Data
####################
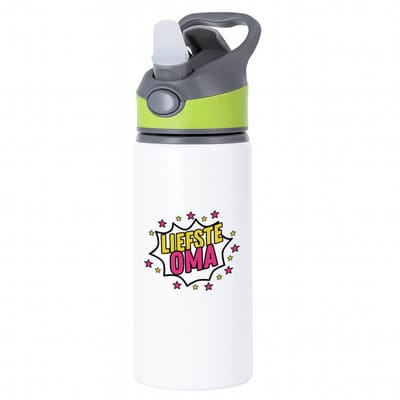 Hacebo® - Liefste oma waterfles met rietje groen - Oma - een oma die heel lief is - cadeautje voor oma - liefste ooit - verjaardagscadeau - kado - gift - geschenk - verrassing - water fles - 650ML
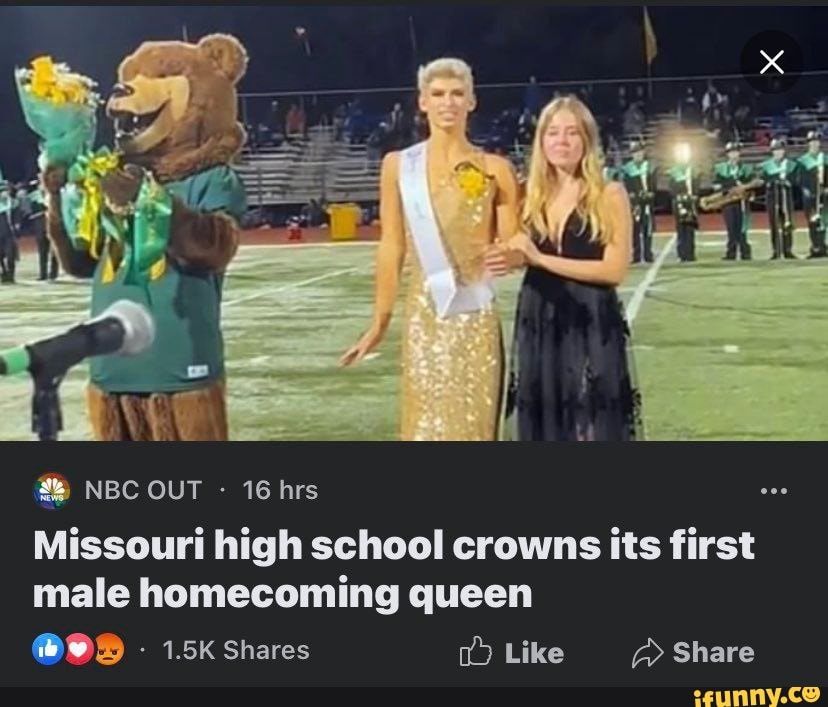 NBC OUT 16 hrs Missouri high school crowns its first male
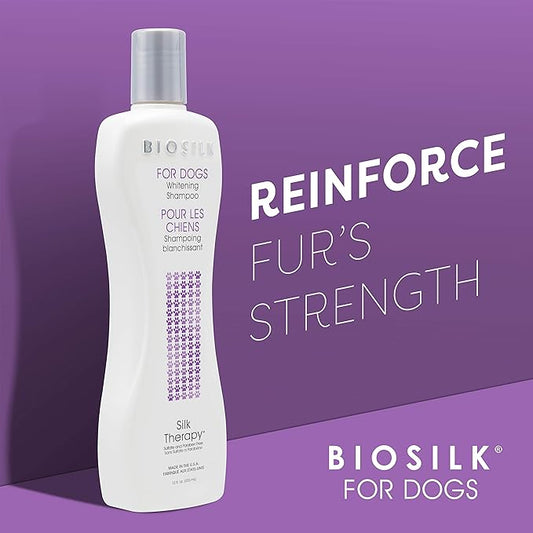 BioSilk for Dogs Silk Therapy Whitening Shampoo | Best Brightening for White Dogs to Keep A Clean, White Coat, 12 Oz Bottle, Pack of 2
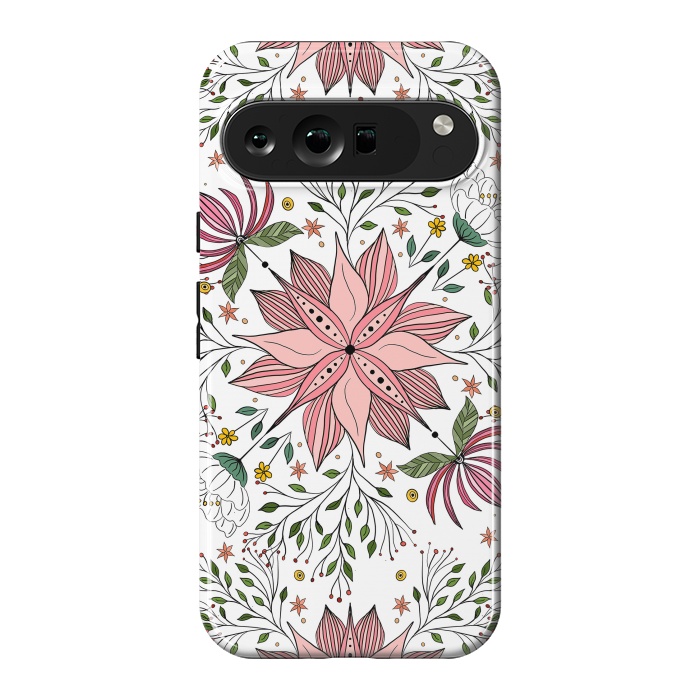 Pixel 9 Pro XL StrongFit Cute Vintage Pink Floral Doodles Tile Art by InovArts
####################
Give back the listing word for word, minus its images.

 Hacebo® - Liefste oma waterfles met rietje groen - Oma - een oma die heel lief is - cadeautje voor oma - liefste ooit - verjaardagscadeau - kado - gift - geschenk - verrassing - water fles - 650ML
 NBC OUT 16 hrs Missouri high school crowns its first male
 BioSilk for Dogs Silk Therapy Whitening Shampoo | Best Brightening for White Dogs to Keep A Clean, White Coat, 12 Oz Bottle, Pack of 2
 Pixel 9 Pro XL StrongFit Cute Vintage Pink Floral Doodles Tile Art by InovArts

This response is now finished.